On 1 February 2021, a day of tragedy and anger, the military seized power in Myanmar. From this moment, KSN used her photography skills to contribute to the revolution. KSN and her Nikon D5500 camera became inseparable and communicated more closely than before. Every day she documented people’s resistance against the coup, covering street protests, defense war and stories of war-affected individuals. She created visual stories along with texts – both in a personal creative style and through a research-based approach. KSN considers her photography skills became established and improved during the revolution. When losing her words and suffering mental pains after facing tragic events, she also used photography to express her feelings. At present, she continues to create research-based visual artworks through her ethnographic research in cultural studies, as well as doing creative photography about revolutionary struggles.
KSN’s photographs about the Myanmar Spring Revolution have been shown internationally a range of times, such as at the Scholar-Activism and the Myanmar Resistance Symposium hosted by the University of California Berkeley, the Spring Revolution in Myanmar exhibition curated by a Japanese curator, and through the 100 Projectors project.
ARRIVAL OF SPRING
This is a long-term photo documentary about Myanmar Spring Revolution. On 1st February 2021, military seized power. We all knew it was unacceptable, so the people’s revolution started. From 6th of February, I documented people’s resistance against the coup every day. Day after day, I felt like this is the fight we have been longing for. I realized it is not just a movement, but a REVOLUTION aimed to dig out the military roots in civil politics forever. This is a great opportunity to unite all Myanmar people from different identities and communities and turn to a new chapter of Myanmar politics – a federal democratic country with a collective leadership. Of course, we are very sure we will send the military back to its barrack.
We set our goal.
And we know the path.
This is an end game.
“BODHISATTVA” MIND FOR A REVOLUTION
This portrait project aims to capture the image and spirits of Myanmar Spring Revolution heroes who are leading different resistance forms on the ground. I see them as historical actors. We should not miss capturing their images and voices. It is crucial to pay full attention to the way they think and believe, the way they involve, and the revolutionary discourses that they develop. These discourses show the path. I trust that all answers to solve the political deadlock are there. I held unstructured interviews with these individuals for about one to two hours and took photographs hiding their faces in a secret safe studio.
This project is about my personal space in between the crisis of the military coup and the third wave of Covid-19 in Myanmar. Since early February 2021, I have been documenting people’s resistance against the coup based in Yangon. In the months after May, I could no longer freely do photo documentation about the protests due to security barriers. I lost myself not knowing how to support the revolution effectively. Then I decided to go back to my hometown to take a break from my activities. In my hometown, I experienced circumstances of armed violence, Covid-19 lock-down, and Covid detection. Later I realized that the stay in my hometown is a liminal, which means a transitional space in between the past and the future. I had sufficient amount of time to reflect on what I had done and how I could continue in the future, especially how to support the revolution more effectively. This is a segment of my personal journey during the revolution.
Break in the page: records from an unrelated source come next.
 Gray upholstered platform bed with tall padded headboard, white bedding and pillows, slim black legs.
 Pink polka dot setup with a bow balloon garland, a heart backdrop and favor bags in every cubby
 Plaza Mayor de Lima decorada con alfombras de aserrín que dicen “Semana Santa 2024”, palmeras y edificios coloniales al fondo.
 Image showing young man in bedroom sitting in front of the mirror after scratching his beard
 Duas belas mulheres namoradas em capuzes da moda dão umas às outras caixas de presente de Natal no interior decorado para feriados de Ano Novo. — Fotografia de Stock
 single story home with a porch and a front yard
Colorful flowery blankets in different patterns were on the streets in the anti-coup protests. They were completely soaked with water and laid down flat on the road. They looked ready to be used as protection from tear gas bombs and smoke. They were helping hands for the young protesters who placed themselves at the frontlines to face the hostile junta soldiers and police.
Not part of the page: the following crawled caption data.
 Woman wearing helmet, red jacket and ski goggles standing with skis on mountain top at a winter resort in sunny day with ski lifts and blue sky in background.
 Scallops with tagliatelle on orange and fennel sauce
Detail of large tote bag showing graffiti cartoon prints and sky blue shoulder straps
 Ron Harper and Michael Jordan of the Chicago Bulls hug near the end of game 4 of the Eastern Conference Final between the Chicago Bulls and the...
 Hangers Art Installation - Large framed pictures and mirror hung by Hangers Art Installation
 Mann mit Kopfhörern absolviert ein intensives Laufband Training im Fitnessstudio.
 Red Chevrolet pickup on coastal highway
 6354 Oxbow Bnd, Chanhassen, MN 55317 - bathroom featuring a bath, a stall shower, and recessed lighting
On 14 March, I joined peaceful anti-coup protests in Hlaing Thar Yar township, Yangon. Everyone, including campaign leaders, knew this protest probably would be brutally cracked down by junta soldiers, because the previous evening the coup council announced detailed information on television about the Hlaing Thar Yar protests and their leaders. All protesters were alert for security forces every second that day. I was moving around from one protest point to another. At around 11:00 am, I went to Mee Khwat Zay protest point. I could not freely take photographs there due to security concerns. I heard security alerts frequently from the leaders. I faced a complex situation and was not able to photograph with a free mind. Then I noticed, almost everywhere there were beautiful wet blankets on the ground. Immediately I got an unidentifiable feeling inside. Blankets are supposed to be in people’s homes to make families warm. Instead, they were on the streets to fight the junta. Patterns of the blankets were familiar to me and gave me a sense of home. I photographed every single blanket. Around 11:30 am, armed junta forces brutally cracked down on peaceful protests in Hlaing Thar Yar. Protesters were shot dead. According to a confirmed source, the death toll was higher than 70.